Outstanding Questions

  • Is there an easy way of moving the ssh public key from SERVER to LAPTOP ?
    • USB Drive ?
    • Download via Webpage ?
  • Best method for uniquely identifying the LAPTOP needing to be backed up ? (use Serial Number ?)
    • It is possible for XO Laptop IP address to change between connection attempts !
  • Archive how many copies of files? only one copy? or multiple ? Limited ?
    • Rsync has some of these options built in.

Background details

(Eventually, move this information to a separate wiki page... )

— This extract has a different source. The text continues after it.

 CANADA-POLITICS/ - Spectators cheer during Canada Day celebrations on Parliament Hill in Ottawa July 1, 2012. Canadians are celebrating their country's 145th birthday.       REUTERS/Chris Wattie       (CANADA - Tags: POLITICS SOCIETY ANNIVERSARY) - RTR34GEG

1. Create SERVER ssh keys with either of the following methods

 $ ssh-keygen  (pass phase can be blank, generates id_rsa and id_rsa.pub )
   (need exact steps here.. )

2. Your 'SERVER' ssh public key ( ~/.ssh/id_rsa.pub ) looks something like this.

ssh-rsa AAAAB3NzaC1yc2EAAAABIwAAAIEAyf/ux1DcURj7dyeHMPFk/zafEnuCOqJVWCb1Sy12ksEkfzoWojL1mcjXNnkfZ+P10SOlQ5kjerH7
2JBu4DqPP3NUrcuFezhST9Ixa3NU1ts1w2VKHAcAcSAq8ayBmVGzrTxq7gayT5RSvo/nvI0TXJHSSF3Jh/7hSFAKED4YOURUSE wiki@laptop.0rg

3. Your 'SERVER' ssh private key ( ~/.ssh/id_rsa ) looks something like this.

-----BEGIN RSA PRIVATE KEY-----
MIICWwIBAAKBgQDJ/+7HUNxRGPt3J4cw8WT/Np8Se4I6olVYJvVLLXaSwSR/Ohai
qMvWZyNc2eR9n4/XRI6VDmSN6sfvYkG7gOo8/c3Oty4V7OFJP0jFrc1TW2zXDZUo
cBwBxICrxrIG+UbOtPGruBrJPlFK+j+e8jRNckdJIXcmH/uFJ1HYOMssQwIBIwKB
gEVBzjW1Utn579EU3eTlDK9F7WVsLKZjivmm9QPVErX5E9PZZtiu5s0qrQnkTlb0
4NwXgVetKcpB3iYwUQ0WQa3m919JKCriMwrcA7Zqu1bS5Q48Q9v9TgydHxyKAguD
xerfe/HBMwLNJ1WpeEFYwHNZi+Y3k2Mpvy8XuDB5yRUrAkEA5S1kceYwXMF3P1ZR
Y6B/3Hy1KH5vn4YIZi5cfbHQZ2B/cK2Ak4NXERQR5sKCn1Kc7yG+fY846iLU7W2G
avSlbQJBAOGkPwU9aHxgR6jnoD2Ka5fUDbVQzIMc/z63kWEk6b2Pt43FVLEX/1bf
1I/eXbqwYBNNgIHPYVFrEYoLGb/3+m8CQHxpGUUlMDJaZU5EzRjTeJxDsszW7CNm
BI89vS5KlbR2No2gA/hOnPqkfr8ZIlZ9TeDmbrkwfftx/o+EmW1C+rcCQQCuEP1q
cTNYogtlCnRMuz0OuYbq9TANX4MTH+UtrsLxUZw6KoMph4p2N6P59K60lrCD61SB
ZXb1ql38xrwXv0wpAkEA4qsLj1QhcLSZdHuuSyLwjovqVzPB+PKJs/c+JDO0Nr6b
DYjugZ9YtVNLd5JEQHSkYI+TLGrCCFAKED4YOURUSE==
-----END RSA PRIVATE KEY-----

4. Your 'LAPTOP' authorized_keys ( ~olpc/.ssh/authorized_keys ) looks something like this.

(Note: Final configuration, this file should be the same as ssh public key)
ssh-rsa AAAAB3NzaC1yc2EAAAABIwAAAIEAyf/ux1DcURj7dyeHMPFk/zafEnuCOqJVWCb1Sy12ksEkfzoWojL1mcjXNnkfZ+P10SOlQ5kjerH7
2JBu4DqPP3NUrcuFezhST9Ixa3NU1ts1w2VKHAcAcSAq8ayBmVGzrTxq7gayT5RSvo/nvI0TXJHSSF3Jh/7hSFAKED4YOURUSE wiki@laptop.0rg

5. See 'rsync --help' or 'man rsync' for full explanation of options.

6. See 'ssh --help' or 'man ssh' for full explanation of options.